Understanding Anti-Exfil
To fully understand how this attack and mitigation works, we need a very short overview on how signatures work in Bitcoin.
With ECDSA (the digital signature algorithm used in Bitcoin), a random private key is combined with a nonce, which is a one-time value intended to add randomness to the signature to ultimately produce a transaction signature that can be validated by other users’ Bitcoin full nodes. Anyone can guess your private key based on your signatures without this random nonce, which is as bad as it sounds!
Compromised hardware wallets could create a nonce that appears random but is not. The nonces could be known to an attacker ahead of time.
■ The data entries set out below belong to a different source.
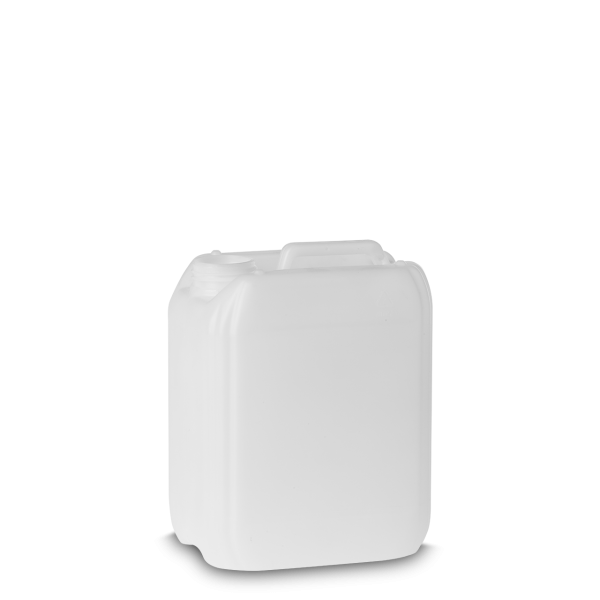 5 litre plastic canister HDPE natural RD 51 rectangular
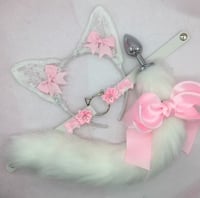 White / Pink Lace Kitten Petplay Set 🐾🐈‍⬛💕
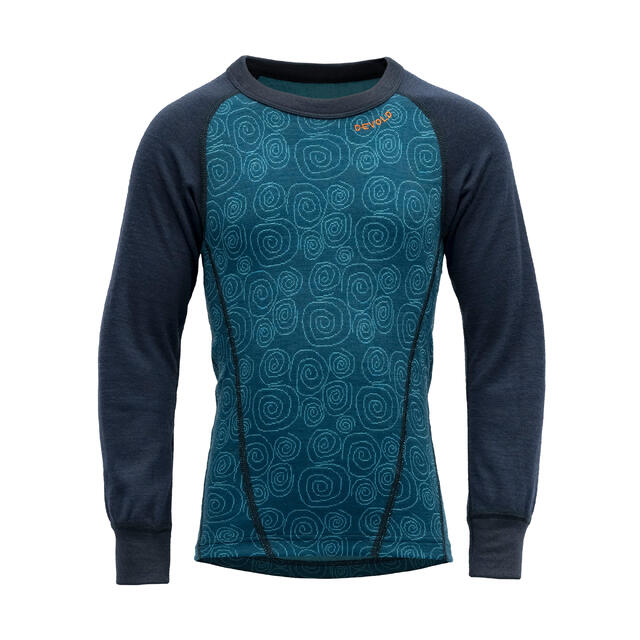 Trøye til barn 2 år Devold Duo Active Merino Shirt Kid 2 422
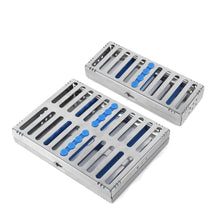 Load image into Gallery viewer, Dental Sterilization Tray Case Box Holder Autoclave Sterilizer Teaching Instruments Dental Cassette File Burs Disinfection Tray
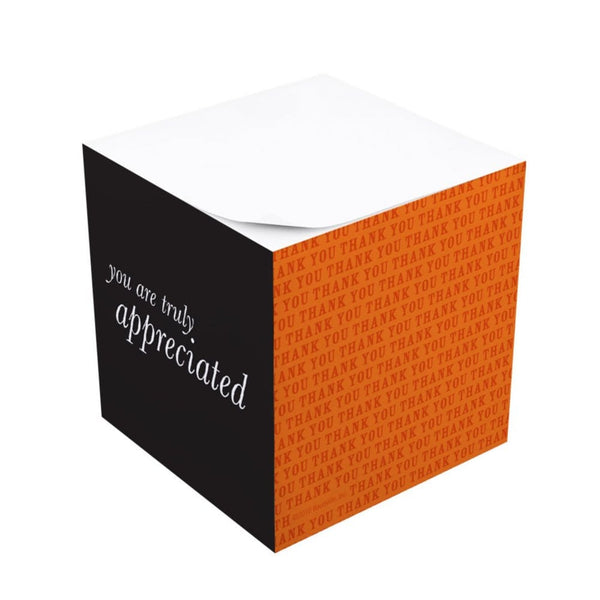 Adhesive Note Cube - You are Truly Appreciated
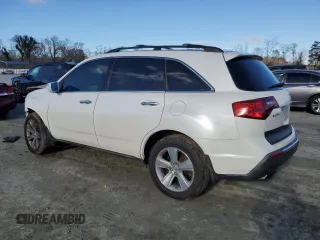 2010 Acura MDX Advance with VIN 2HNYD2H54AH533561, listed as a Copart auction lot 48083505 with 211,764 mi miles and Salvage Title. Bid and sale history available at carsss.com. Image 2.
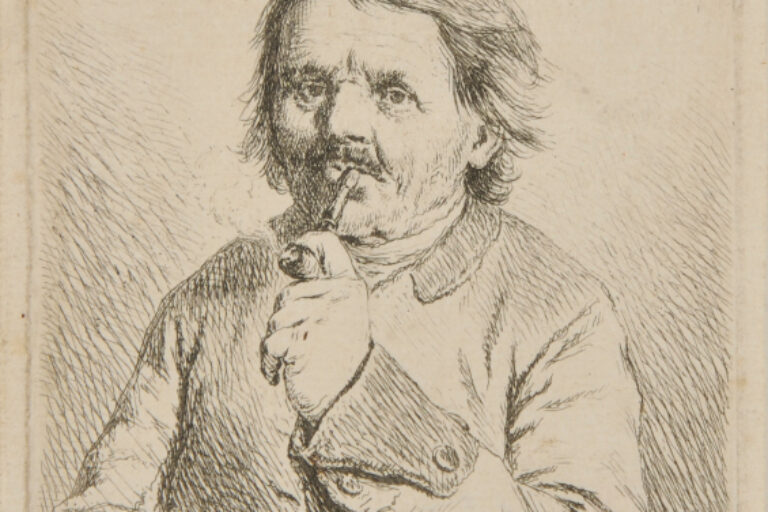 BUST OF A MAN SMOKING (LE FUMEUR)
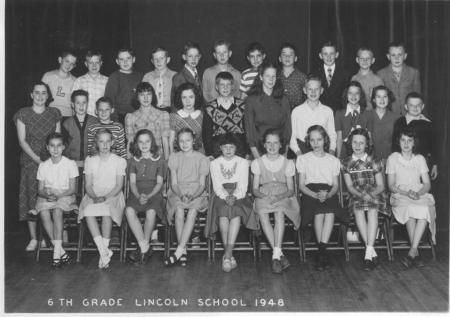 Paul Rudh's album, Lincoln Elementary 6th Grade 1948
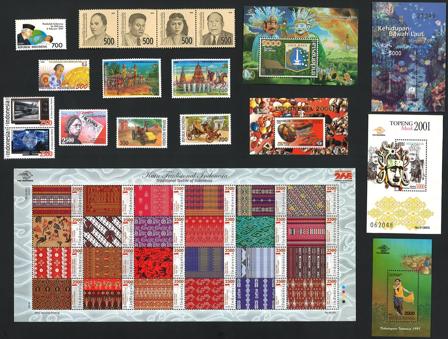 Indonesien - Frimærkepakke - Postfrisk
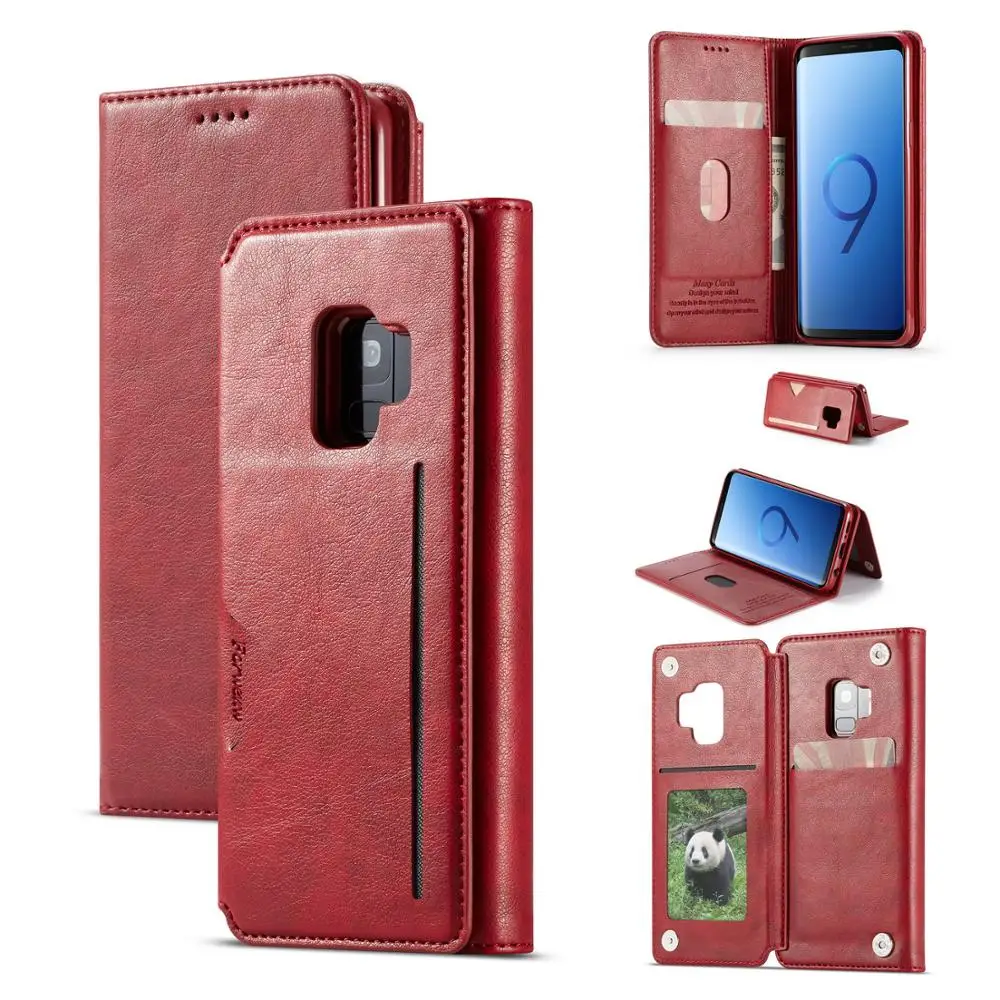 

Luxury Leather Stand Flip Wallet Card Holder Phone Case Cover For Samsung Galaxy S9 Plus S10 Plus S10E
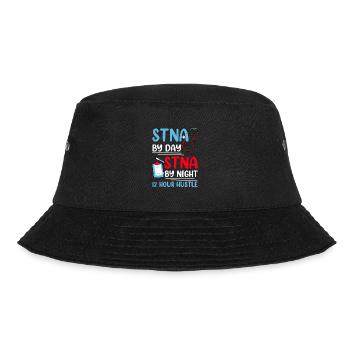 STNA Certified Nursing Assistant - Bucket Hat - black - Front - Lela (165cm)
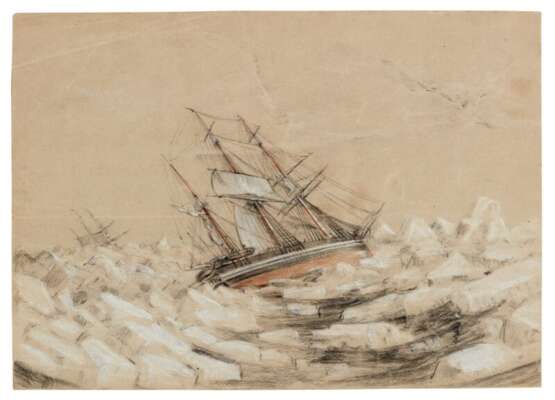 Ross Expedition—Joseph Dalton Hooker and others | A portfolio of sketches chiefly relating to Captain James Clark Ross's scientific exploration of the Antarctic in 1839 to 1843 - Foto 8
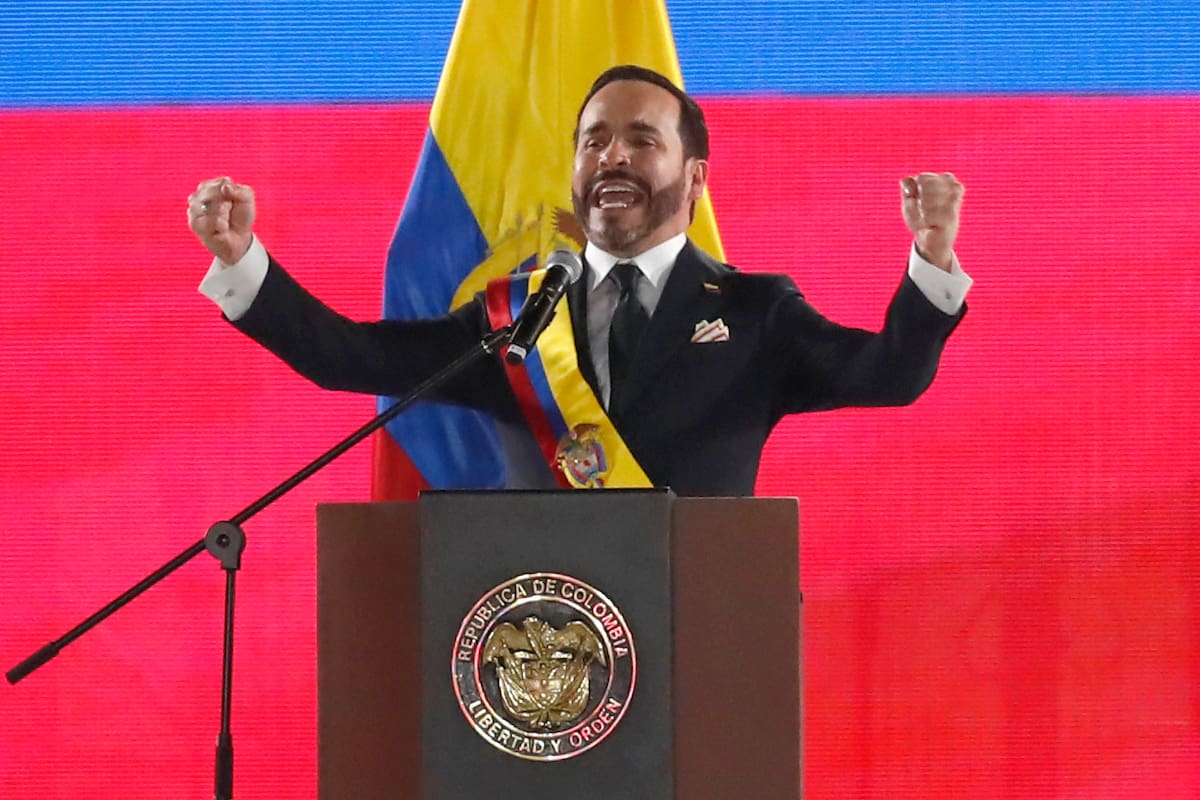 El presidente de Colombia, Abelardo de la Espriella. // Foto: EFE/ Ernesto Guzmán Jr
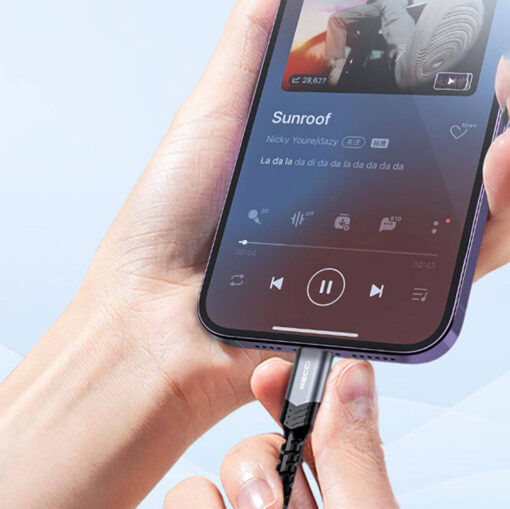 Recci RDS-A25 3.5mm to Type-C Audio Kablo - Görsel 2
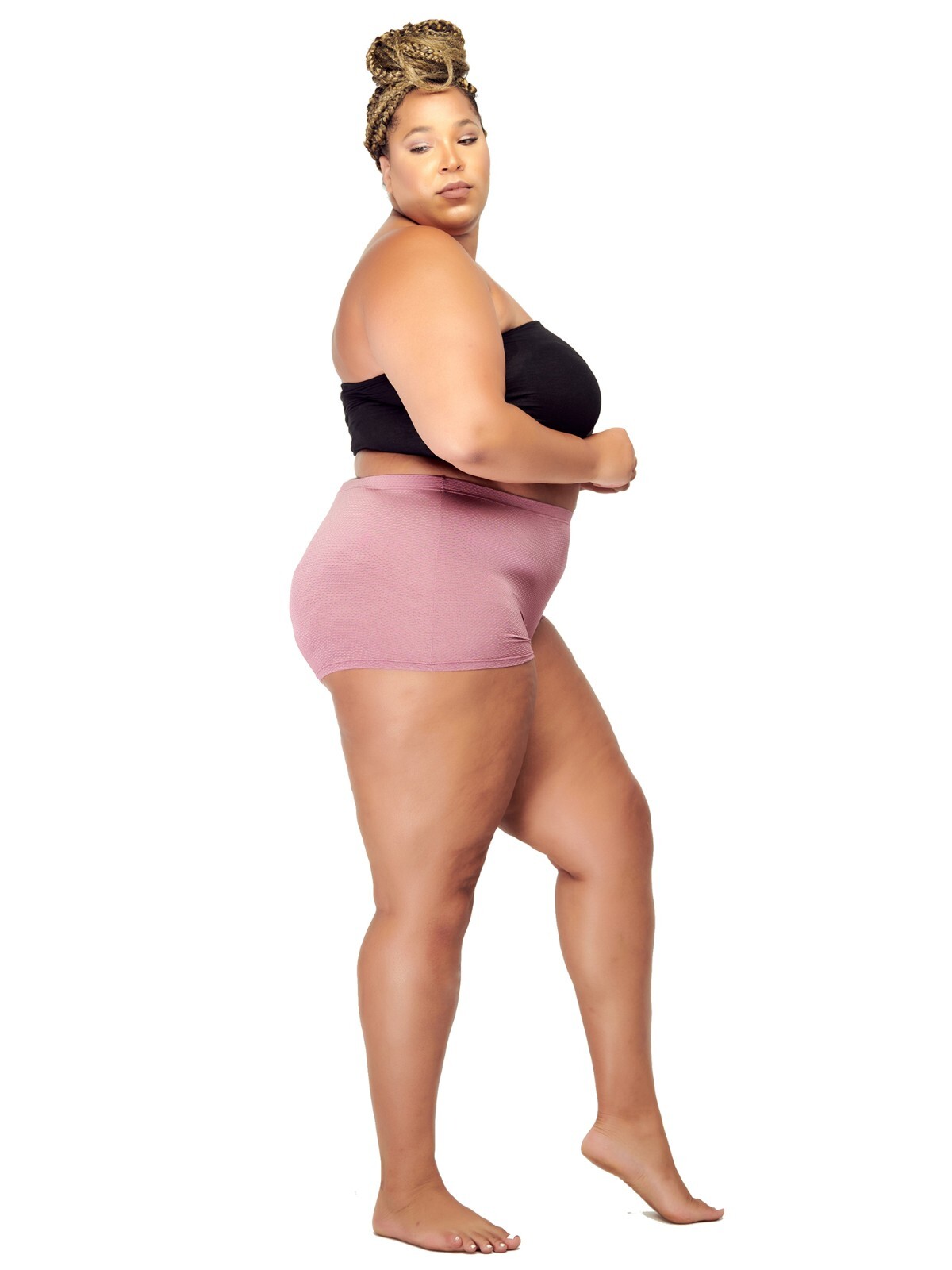 B2BODY Women’s Breathable Boyshort Brief Panties Small to Plus Size 4 Pack
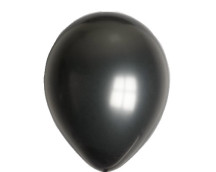 Ballonnen zwart (25st. in zak)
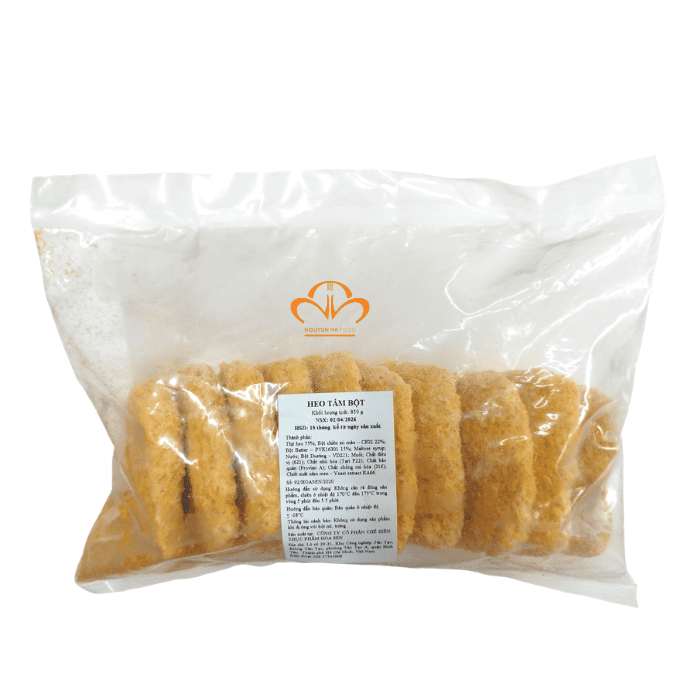 Bánh Thịt Heo Tẩm Bột Xù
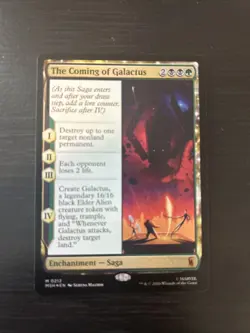 x1 The Coming of Galactus - Foil M MTG Marvel Super Heroes M/NM, English - Image 1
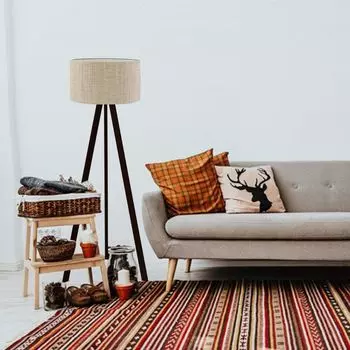 Opviq, AYD-AYDAXL, бежевый, торшеры, 21 х 38 см, капот ПВХ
Even worse, the hardware wallet could leak parts of the user’s master private key into individual nonces, which would allow the attacker to guess every private key given a sufficient number of signatures.
Anti-Exfil uses “sign-to-contract” to ask Jade to use its signature nonce while cryptographically committing to some random data proposed by the (assumed uncompromised) host computer. The random data’s hash is then combined with the signature nonce to produce the signature.
By use of this protocol, the nonce is re-randomized, thus preventing the attack.